Obama brought the 5,500 people in the audience of a college gymnasium in South Carolina to their feet as he slowly sounded the first notes of “Amazing Grace” on his own. By the time he got to “sweet the sound” in the first line, the audience joined him, swaying and singing.
Obama, an occasional churchgoer at best, talked about faith, God’s grace and forgiveness woven in with themes about racism and gun control as he mourned Clementa Pinckney, 41, the pastor of Emanuel AME Church. He was one of nine people killed by a 21-year-old gunman with white supremacist ties.
Also on Bloomberg Politics: Read President Obama’s Eulogy for Reverend Clementa Pinckney, and Hear Him Sing
The victims, ranging in age from young adults to senior citizens, were holding a Bible study when they were killed by the young white man they’d welcomed into their group in historic Charleston.
“They were still living by faith when they died,” said Obama, who didn’t refer to his own faith in his remarks. “They did not receive the things promised. They only saw them and welcomed them from a distance, admitting that they were foreigners and strangers on earth.”
The audience resembled a much-larger version of a congregation at a Sunday service, with most in church attire, some including white globes and elaborate hats.
President Obama Sings 'Amazing Grace'
“We want to thank the Reverend President,” the pastor who concluded the nearly five-hour-long service joked after Obama wrapped up “Amazing Grace.”

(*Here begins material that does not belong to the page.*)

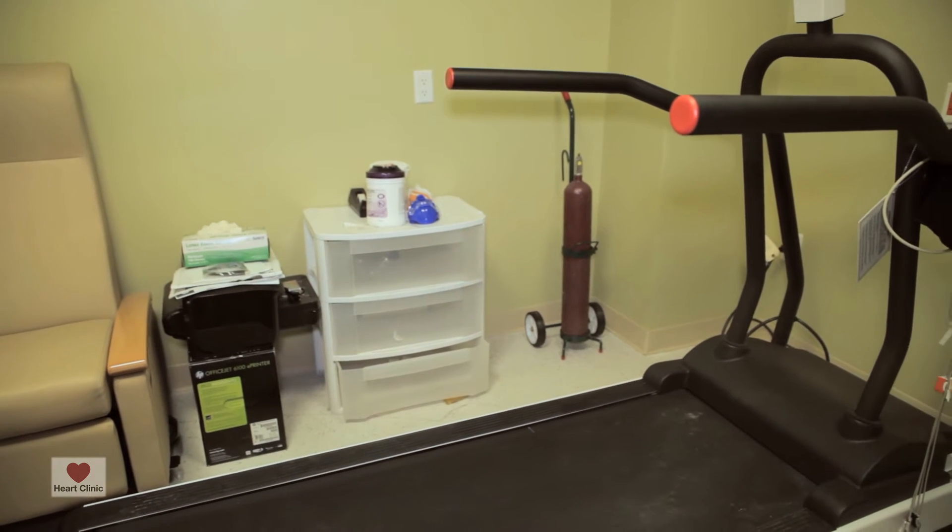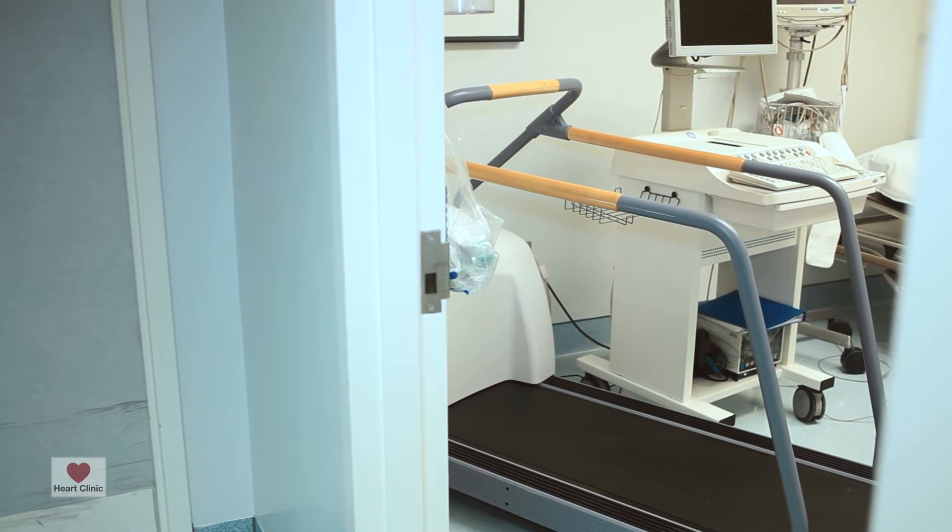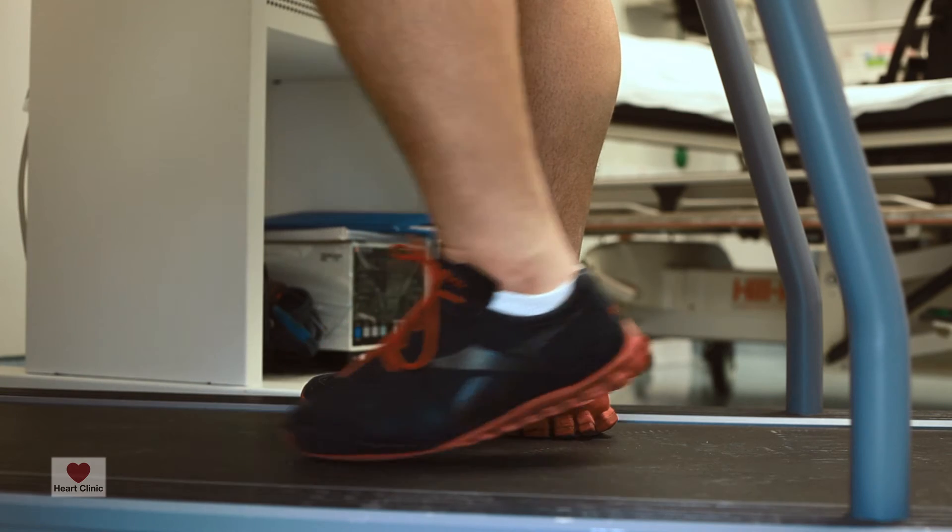We bring the patient into our office, hook them up onto an EKG, record their blood pressures, and then make them run on the treadmill. The treadmill has different protocols, but the most commonly used protocol is called the modified Bruce protocol, where they walk and the treadmill every three minutes goes faster and steeper at a fixed incline.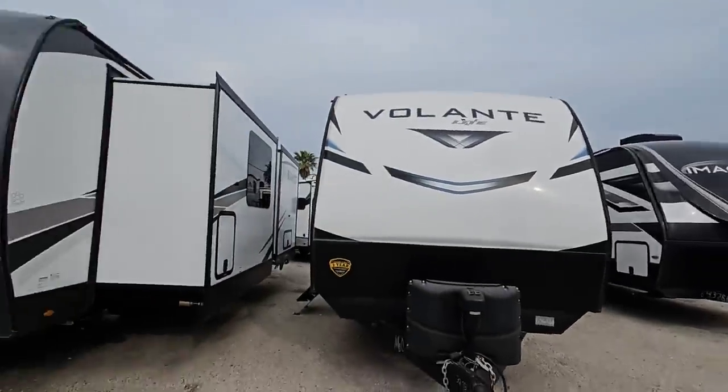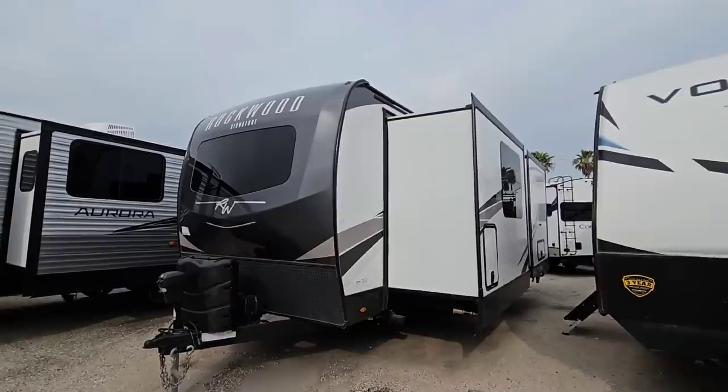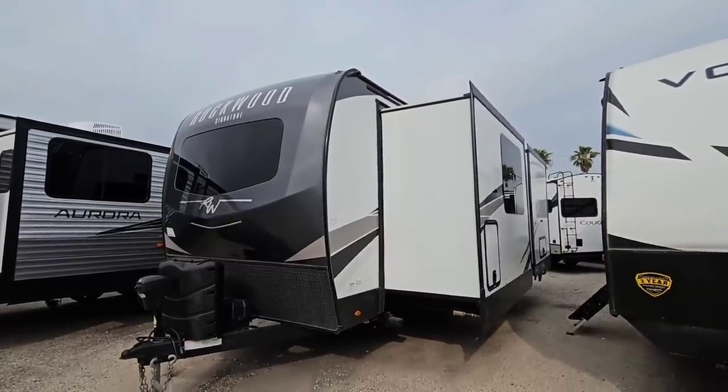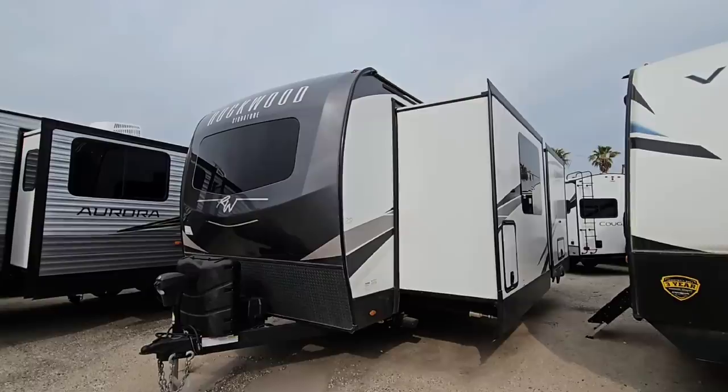What's going on guys? So today we are out here at ExploreUSA RV Supercenter and we're going to take a look at this absolutely cool floor plan. This is a Rockwood Signature. This thing is super cool, super tall, a lot of really great upgrades and the folks at Rockwood do it right. They have a really, really awesome floor plan here. We're going to take a closer look at it.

Pinckney, who Obama met on the campaign trail in 2007, was a religious man who the president noted was “a preacher by 13, a pastor by 18, a public servant by 23.”
In his remarks, Obama also recalled the history of the black church and the role it’s played during slavery and the underground railroad to freedom in the north and on through the civil rights movement and today.
He called Mother Emanuel, as Pinckney’s church is known “a church built by blacks seeking liberty, burned to the ground...only to rise up again. A phoenix from these ashes.”